A significant moment and recollection for me goes back 15 years or so. I was part of an inter-racial and inter-religious dialogue group at Norwalk Community College. The backdrop was two events in New York City: First, the assault of Abner Louima, a Haitian immigrant, who was brutalized and sodomized by New York City police officers in a Brooklyn police station; second, the killing of Amadou Diallo, an unarmed immigrant from Guinea who was shot 41 times by police officers who mistook his reaching for his wallet as reaching
for a gun.

At the time I remember thinking how the two were very distinct incidents. One was a case of sadistic police officers abusing their authority in a most horrific way. The other was a case of very bad policing, a tragic accident with no criminal intent. The African- American minsters in the dialogue group saw them as one in the same! To them each was an example of police brutality, racial profiling and targeting young men of color.

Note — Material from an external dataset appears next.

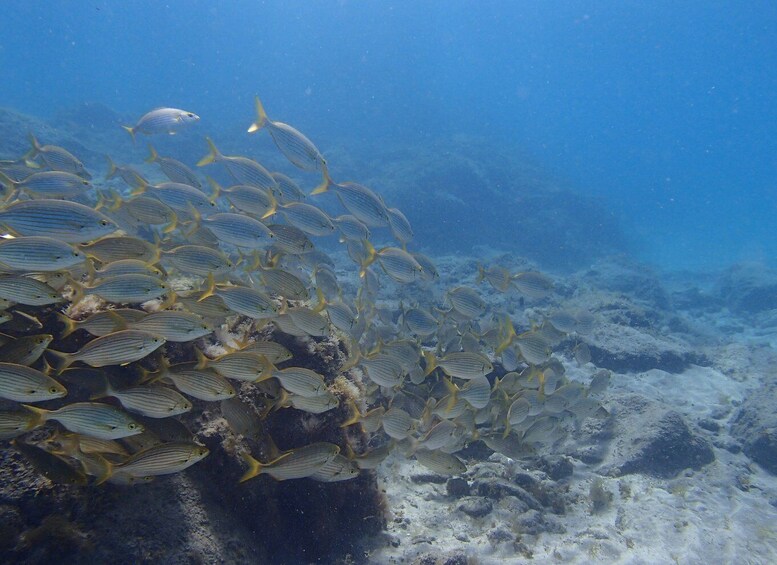 Picture 11 for Activity Tenerife: Half-Day Snorkeling Tour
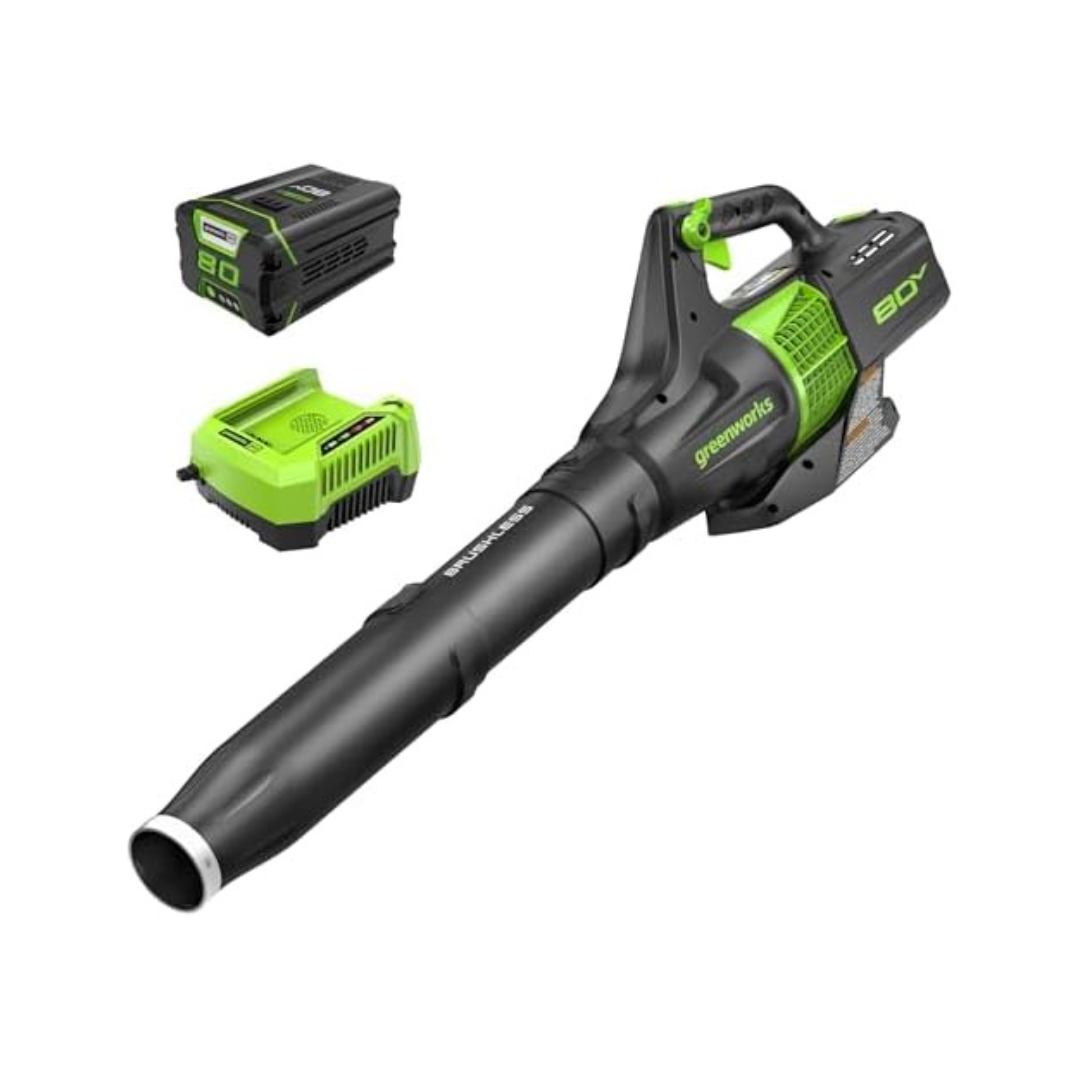 Greenworks Cordless Brushless Axial Leaf Blower w/2.5Ah Battery & Charger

It was a clarifying moment for me that I remember these many years later. That conversation came flooding back this summer with the deaths of Eric Garner and Michael Brown and the refusal of the Grand Juries to indict the police officers responsible. I gained from my dialogue group then an understanding that continues to today, namely that African-Americans have reason to see such events in a very different way and Whites cannot ignore the history and lack of trust between law enforcement and those in Black communities. If America is to live up to its value of equal justice for all, such disparities in our views must be addressed. 

If good can emerge from tragic events that tarnish our society, it’s not only the assessment of our justice system – it’s a commitment to individual action as we confront the prejudice and bigotry that lie in the recesses of our own hearts.

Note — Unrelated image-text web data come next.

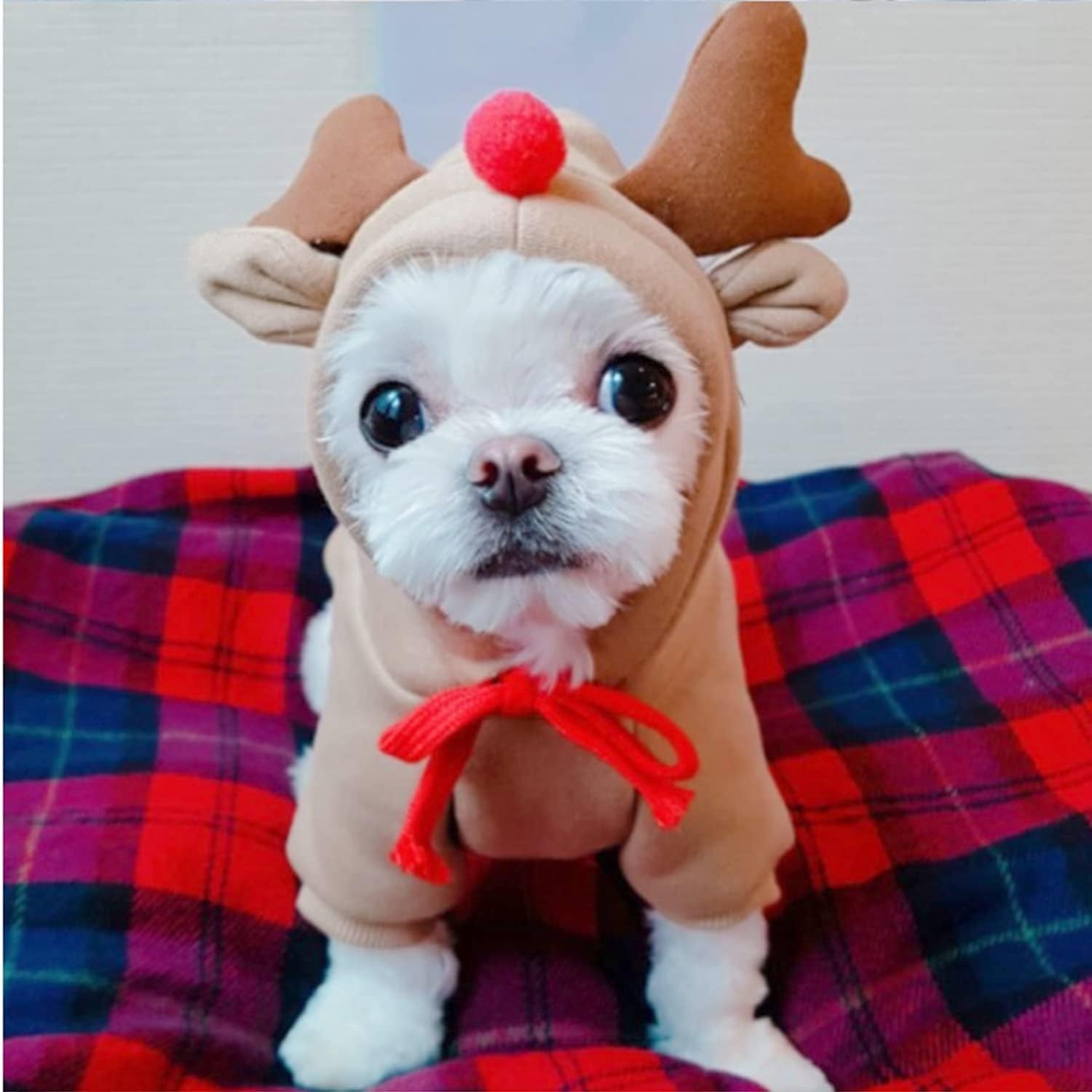 Stay cozy and stylish this winter with our adorable Elk Fruit Hoodie for your furry friends! Perfect for small dogs and cats! 🐾❄️ #PetFashion #DogHoodie #WinterWear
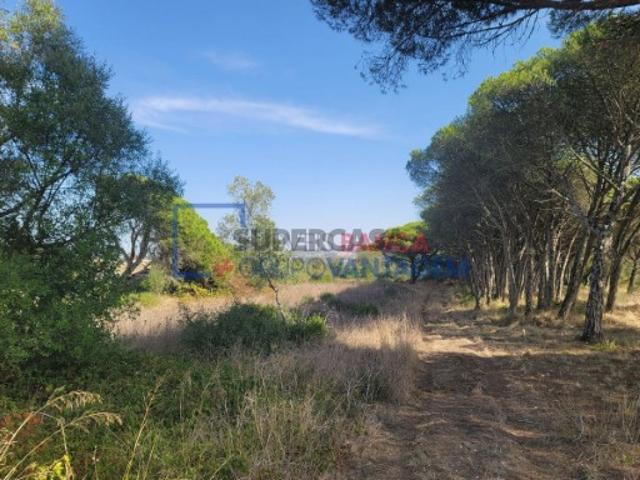 Terreno venda em Bolelas, Sintra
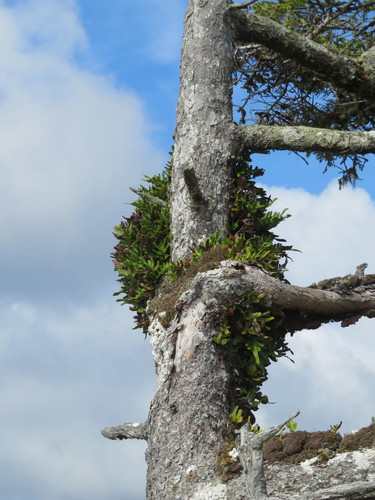 Polypodium scouleri (Scouler's Polypody) (alternate view 3)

In Ferguson Missouri, it has been Houses of Worship (including my friend and classmate Rabbi Susan Talve) that have played perhaps the most valued role in quelling violence, providing spiritual support and leading the way to redress grievances. The hope of course is that those community efforts are in place long before a tragic occurrence arises. Through our participation in organizations like CONECT and other inter-faith and inter-racial coalitions, certain action plans are at work that seek to ameliorate the disparities and injustice existing in our community. Sadly, the Dream still has a ways to go.